Homens como Pinto Balsemão e Laborinho Lúcio não precisavam de proclamar a sua integridade – viviam-na. Não precisavam de teorizar sobre a liberdade – praticavam-na, com coragem e com limites, entendendo que a liberdade é indissociável do dever, da ética e do respeito pelo outro.
Francisco Pinto Balsemão foi um homem de visão, coragem e compromisso com Portugal. Fundador do nosso Partido Social Democrata, serviu a causa pública com sentido de missão e dignidade, deixando uma marca indelével na política, na comunicação social e na democracia portuguesa.
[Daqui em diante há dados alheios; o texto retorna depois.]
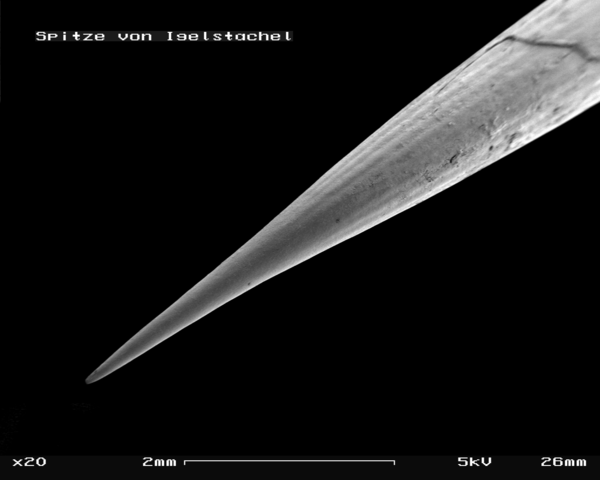 File:Hedgehog sting in SEM, 20x.GIF
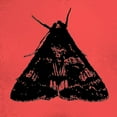 thumbnail image 2 of Tenoever, William 20x20 Black Ornate Wood Framed with Double Matting Museum Art Print Titled - ColorMoods:Moth12, 2 of 4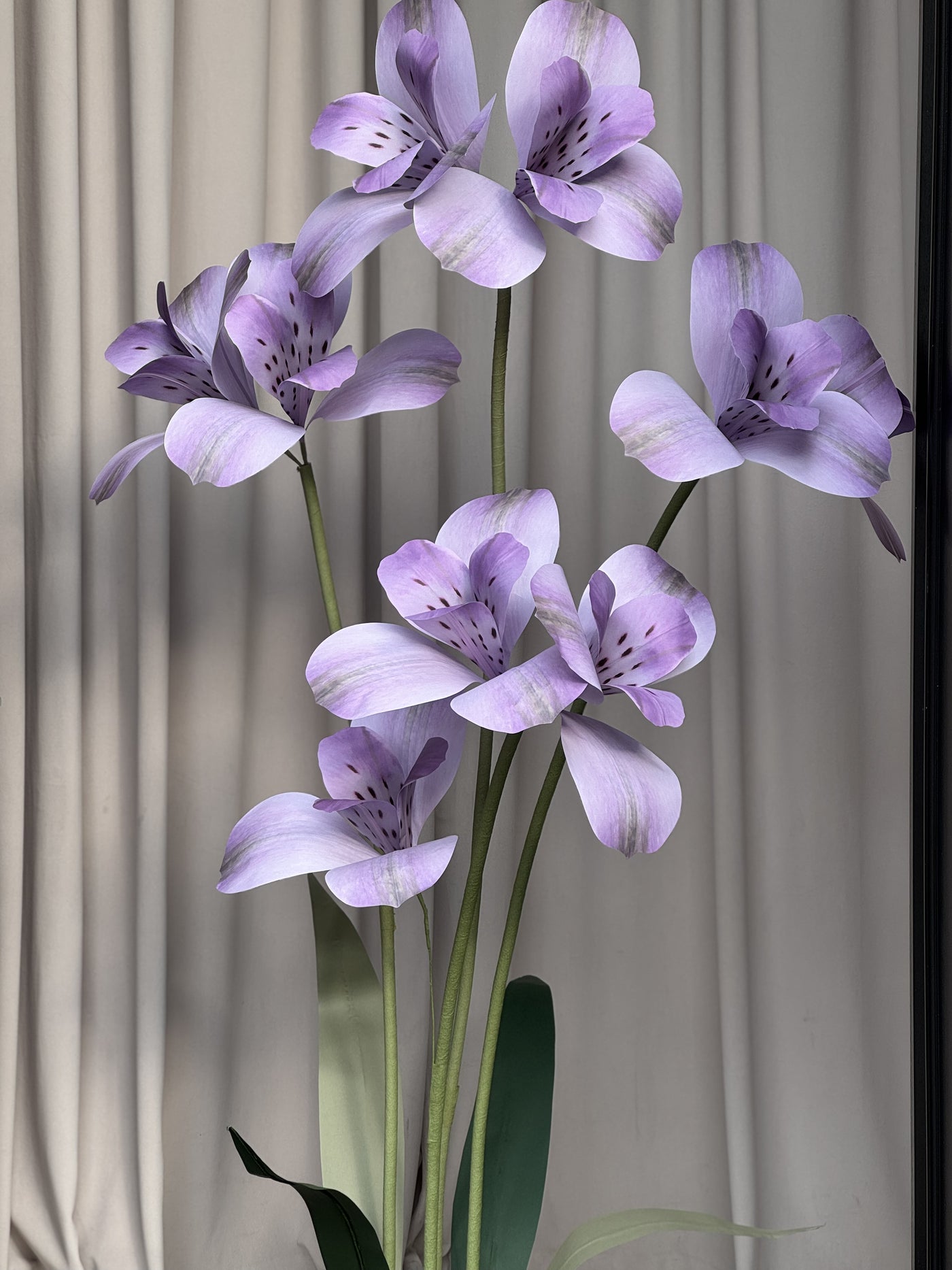 Purple Giant Paper Flowers - Alstroemeria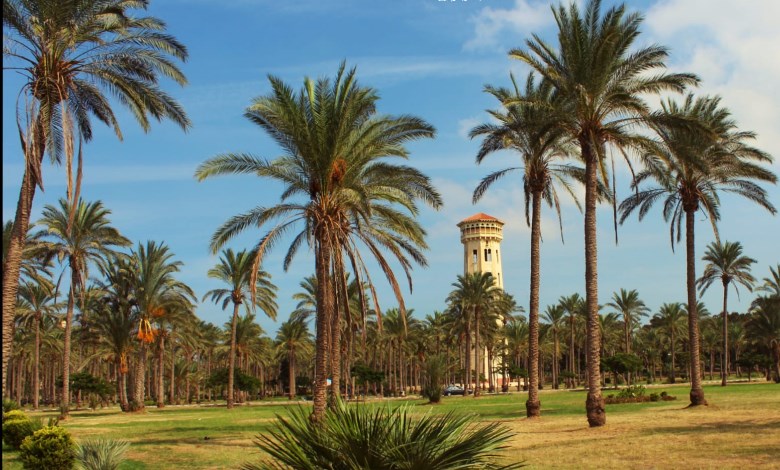 حدائق المنتزة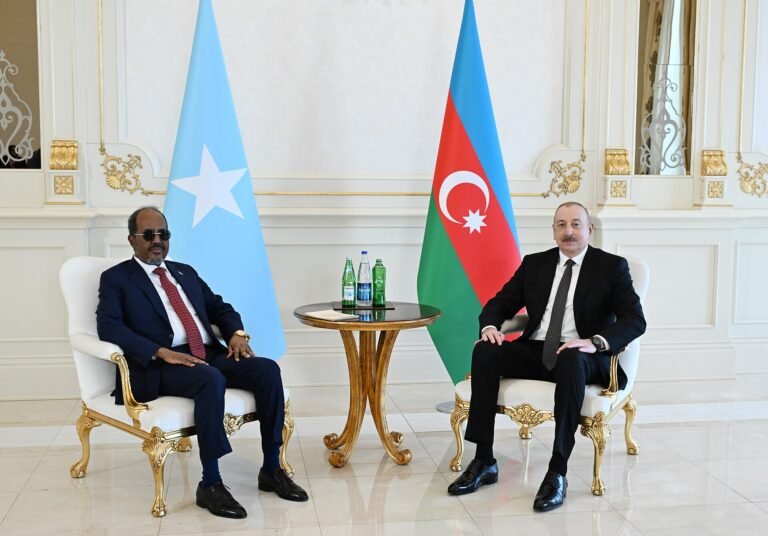 Somalia’s President Courts Investors at Alamein-Africa Business Forum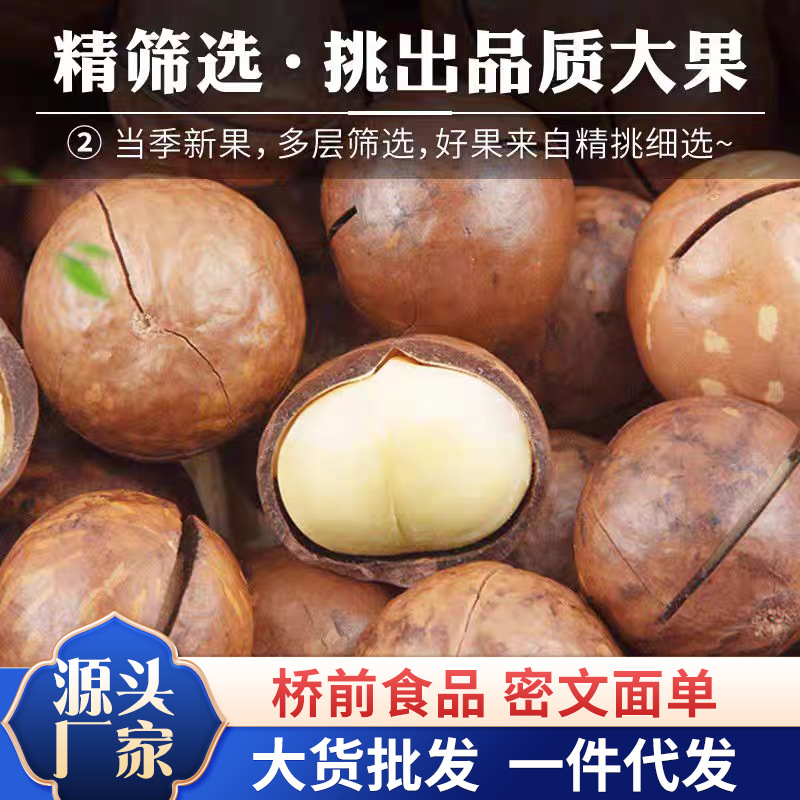 新货奶油味夏威夷果批发散装袋装夏果跨境品质营养健康坚果代发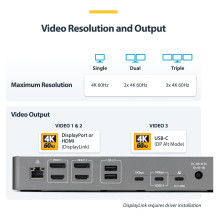 StarTech.com DK30C2DPEPRUE laptop dock / port replicator
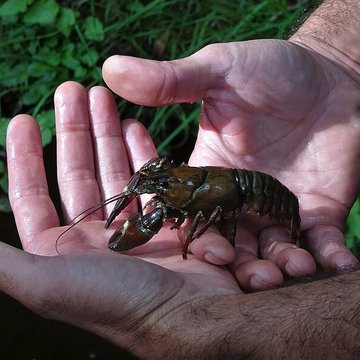 Canal des moines dAubazine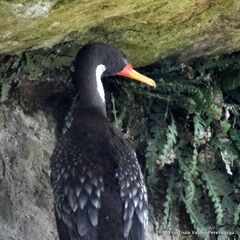 Poikilocarbo gaimardi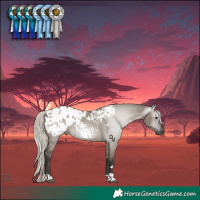Horse Color:Gray Silver Grullo Tobiano Appaloosa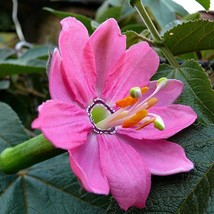 Passiflora mollissima 10 seeds Banana Passion Fruit pink blooms delicious fruit  - $14.98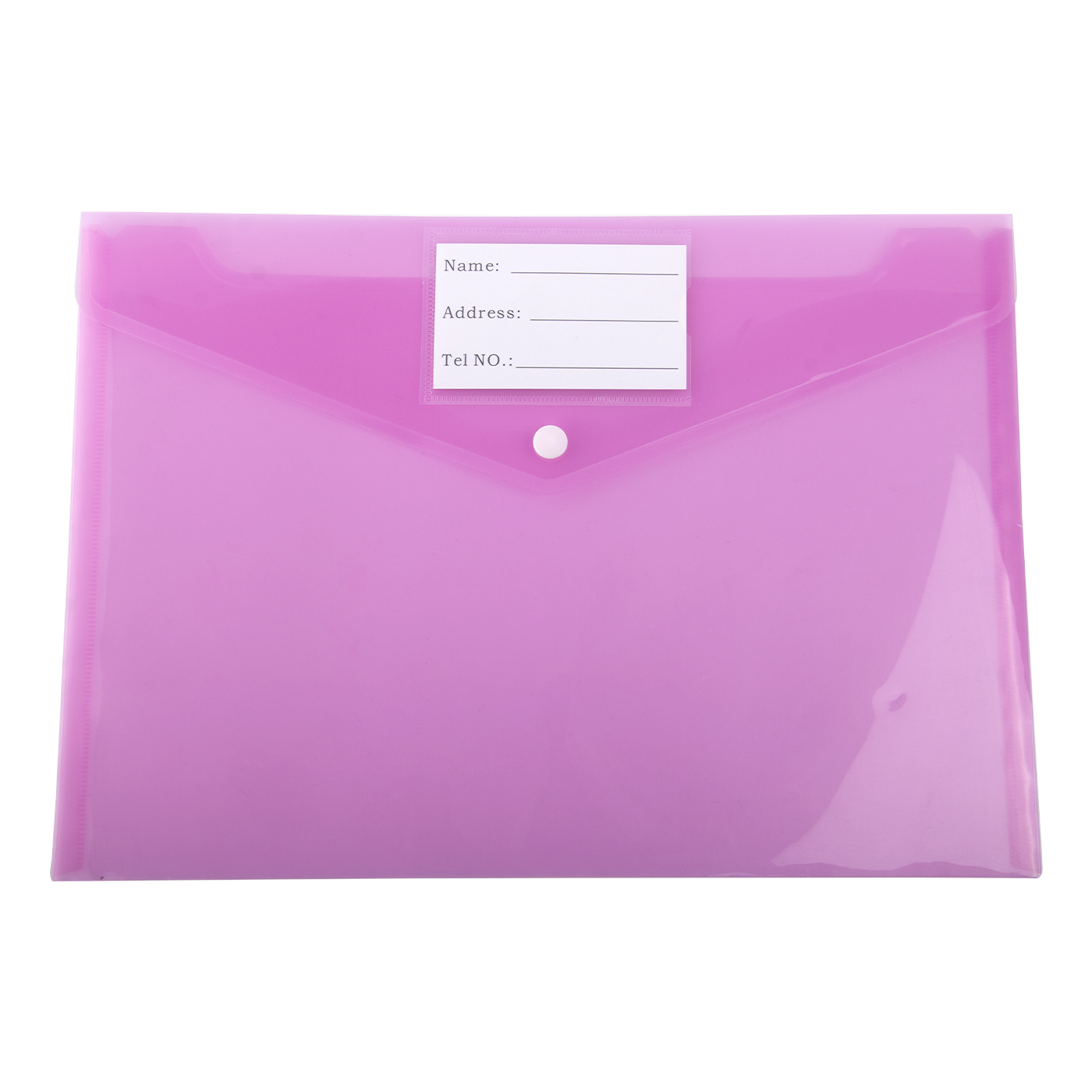 Clear Plastic File Folder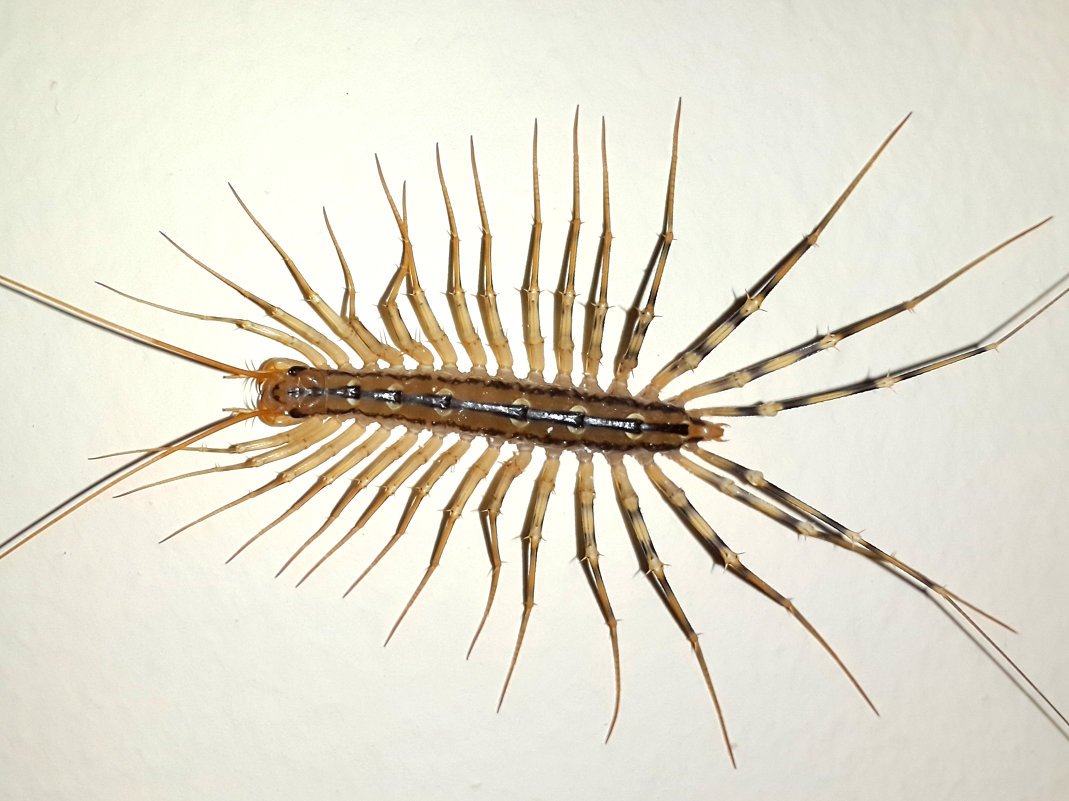 Сороконожка сколопендра мухоловка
Álvaro Laborinho Lúcio, antigo ministro da Justiça, magistrado e pensador humanista, dedicou a sua vida ao serviço público, à defesa dos direitos humanos e à valorização do papel da justiça como instrumento de dignidade e de solidariedade.
“O juiz é uma pessoa vulgar numa função invulgar” – esta sua frase, tantas vezes citada, sintetiza a sua visão ética e profundamente humana da magistratura.
No dia da sua morte, a UNICEF Portugal lembrava que Laborinho Lúcio “fez da justiça um espaço de humanidade e de compromisso ético”. “Como afirmou, ‘a justiça só é plena quando se põe ao serviço de quem mais precisa dela: as crianças, os jovens, os vulneráveis’”.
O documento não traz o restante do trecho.